First, she dialed 911. Then Gina Gartner, area manager for Dominium Management Services, called the Minnesota-based firm's public relations vendor to report that a body had been found in an Elk River, Minn., apartment.
Within hours, the vendor, New School Communications in Minneapolis, had hand-delivered a letter to the door of each resident explaining why hazardous materials crews had invaded their building—a tenant who found the body reported that it was attached to a propane tank, which officials feared might explode—and why police had evacuated it. The correspondence also said there was no reason to suspect foul play and invited residents to come to the manager's office with questions.
The letter arrived just in time to quell rumors of a murder.
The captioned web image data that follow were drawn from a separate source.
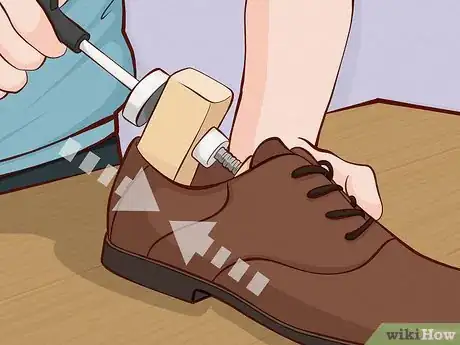 Image intitulée Stretch Suede Shoes Step 9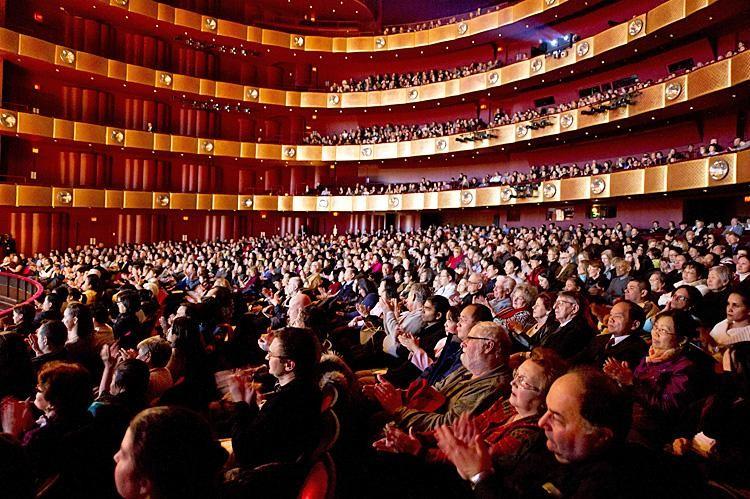 <a><img src="https://www.theepochtimes.com/assets/uploads/2015/09/Shen_Yun_Koch_Theatre_20110116_daibing_BDC5966-MOD.jpg" alt="Shen Yun Performing Arts New York Company on Sunday Jan. 16, 2011, at Lincoln Center's David H. Koch Theater to a sold-out house. It was the first time the performance came to the center. (Dai Bing/Epoch Times Staff)" title="Shen Yun Performing Arts New York Company on Sunday Jan. 16, 2011, at Lincoln Center's David H. Koch Theater to a sold-out house. It was the first time the performance came to the center. (Dai Bing/Epoch Times Staff)" width="320" class="size-medium wp-image-1801956"/></a>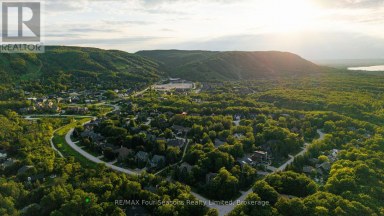 129 DAVOS DRIVE Blue Mountains Ontario photo 45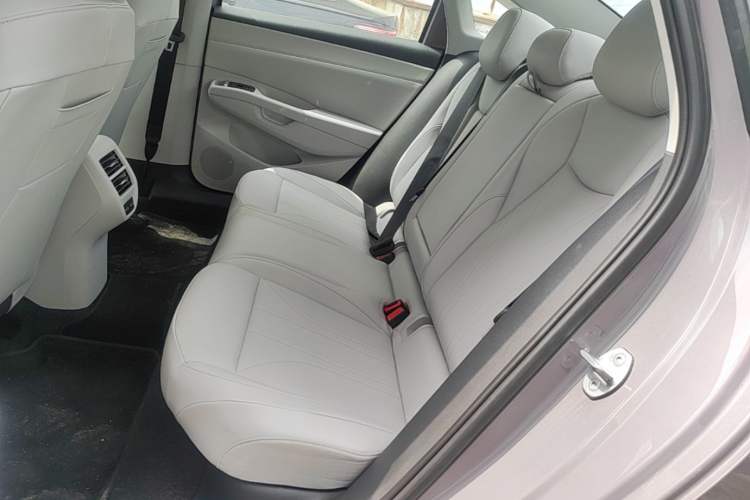 Used Volkswagen Lavida 2026 Pro 300TSI Starry Zhi Yi Edition Left Rear Seat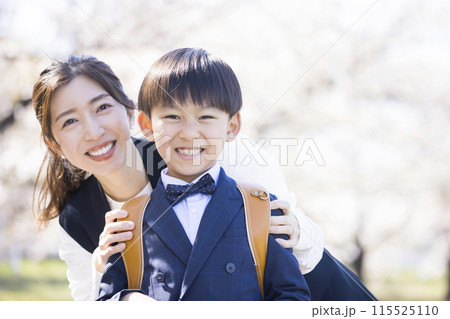 小学校入学イメージ　親子 115525110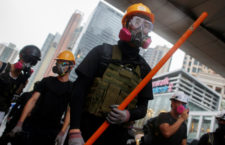 La folla armata attacca la polizia di Hong Kong mentre le proteste diventano violente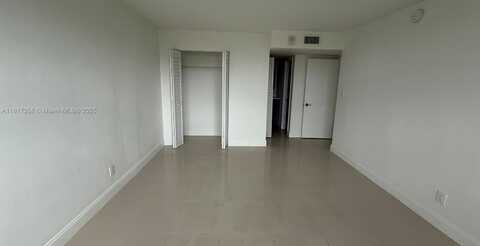 16546 NE 26th Ave, North Miami Beach, FL 33160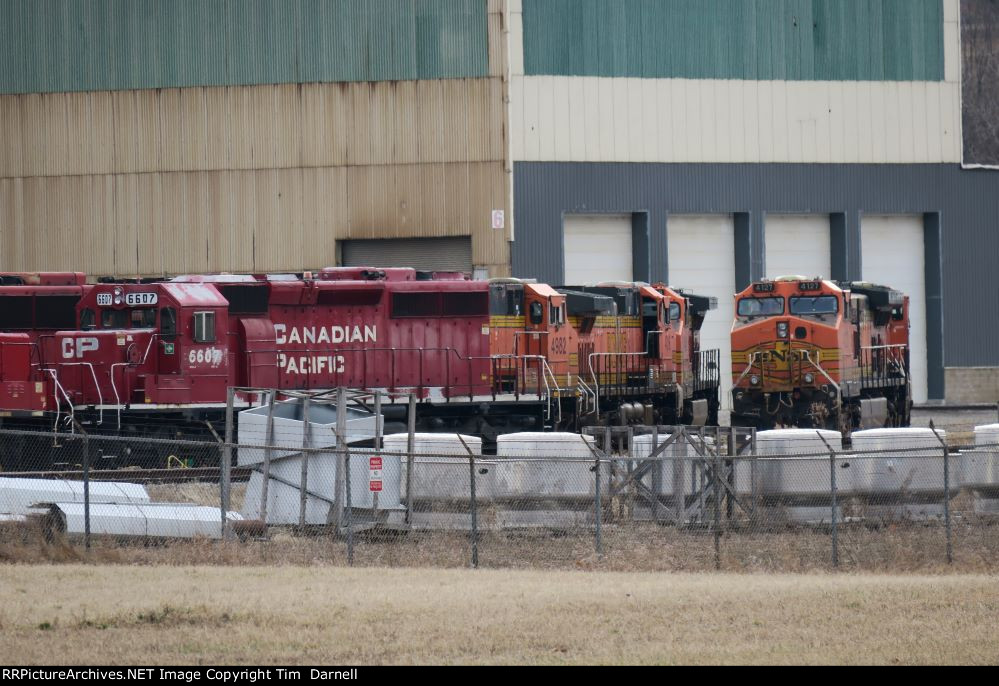 CP 6607, BNSF 4982-4016-4048-4127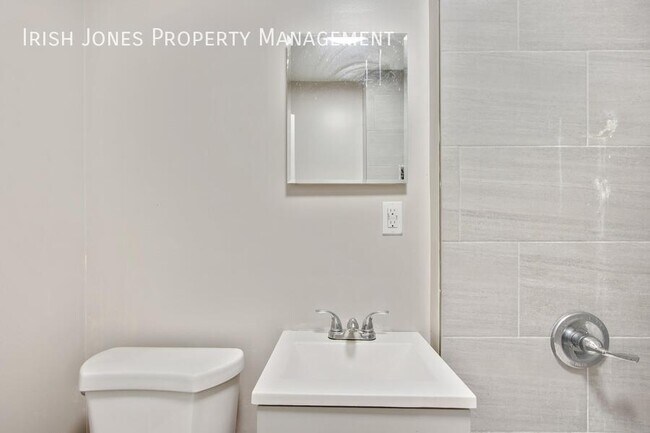 Building Photo - 128 Crowley Ave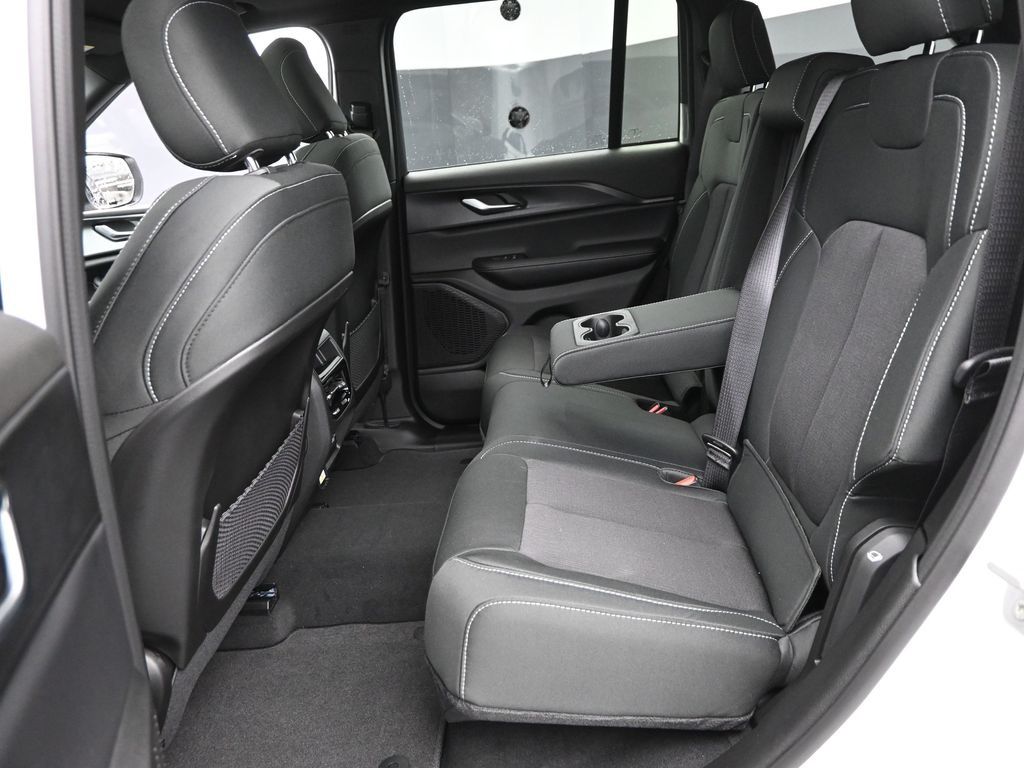 2025 Jeep Grand Cherokee Laredo X photo 10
The next day, after police ruled the death a suicide, the vendor handed out another letter giving residents an update.
In the meantime, Gartner and the building's manager left their office doors open and stayed at the complex until late at night in case residents wanted to talk.
“My philosophy is the more we communicate, the better for the residents,” says Gartner. “They're going to take their direction from the management office. Are we going to close the door and be secretive about this, or open the door and communicate openly about it?”
Opening the door, experts say, was the right choice.
“In the absence of communication, rumor is going to fill the gap,” says Jonathan Bernstein of Bernstein Crisis Management in Los Angeles. “If you do not communicate, you're allowing people to draw conclusions between their ears.”
First Steps Blois Olson, president of New School Communications, agrees. Keeping residents informed is key to preventing a trauma like a murder, suicide, or fire from scaring tenants into looking for apartments elsewhere, he says.
Management's first step after a crime or during an emergency, he says, should be to call the police and secure the crime scene. Second, staffers should turn their attention to the tenants by letting them know what happened and helping them find temporary lodging if they need it. Next, they should try to get things back to normal.
Property staff shouldn't be shy about asking for help: “Most owners and property managers ... are in somewhat of a state of shock when something major happens,” notes Olson. “If it's a violent crime, there's a good chance they'll know the victim, or this could be the first time they've encountered such a thing. It's good to take a step back, deal with their own feelings, and ask for help.”